According to two persons familiar with the subject, China’s central leadership has granted billionaire Jack Ma’s Ant Group a tentative green light to resuscitate its initial public offering (IPO), the clearest evidence yet that Beijing is loosening its grip on the Internet sector. Ant, a subsidiary of Chinese e-commerce juggernaut Alibaba Group Holding Ltd, plans to file a preliminary prospectus for the share offering as early as next month, according to the people, who declined to be identified owing to the delicacy of the topic. According to one of the individuals, the fintech behemoth would have to wait for direction from the China Securities Regulatory Commission (CSRC) on the particular timing of the prospectus filing.

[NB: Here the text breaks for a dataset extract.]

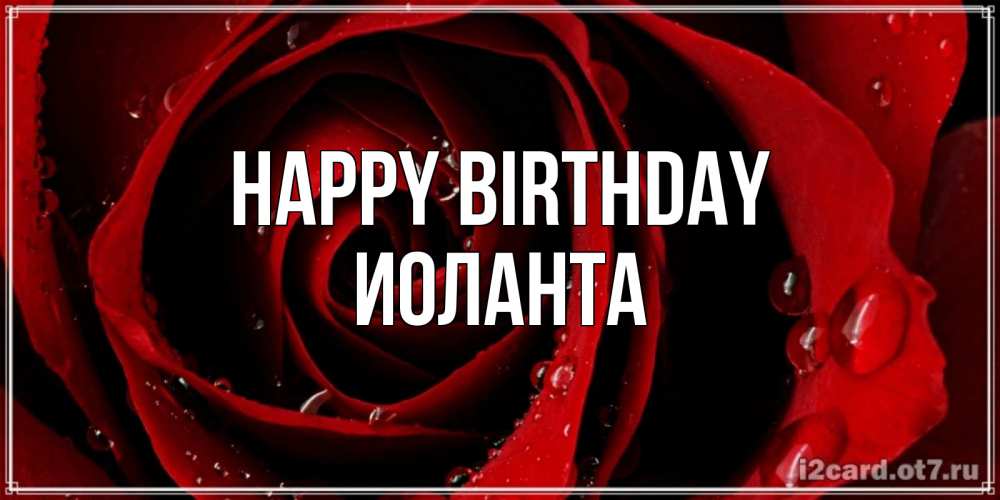 Greetings card с именем, Иоланта Happy Birthday крупная бордовая роза Greetings with text for free download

“Under the guidance of regulators, we are focused on steadily moving forward with our rectification work and do not have any plan to initiate an IPO,” Ant said on its WeChat account late on Thursday. Neither the CSRC nor China’s State Council Information Office, which handles media queries for central leaders, responded to Reuters’ request for comment.
In a publicly released statement, Ant said there was no plan to relaunch its IPO, without elaborating. It did not respond to Reuters request for comment on whether it had received a green light from Beijing. The company’s stock market listing was hastily shelved at the behest of Beijing in November 2020. At the time, it was slated to be valued at around $315 billion and planned to raise $37 billion, which would have been a world record.
Chinese authorities pulled the plug on the IPO and cracked down on Ma’s business empire after he gave a speech in Shanghai in October 2020 accusing financial watchdogs of stifling innovation. The IPO’s derailment marked the start of a regulatory crackdown to rein in China’s huge homegrown technology sector, which spread to other industries, including property and private education, wiping billions off market capitalisations and triggering layoffs at some firms.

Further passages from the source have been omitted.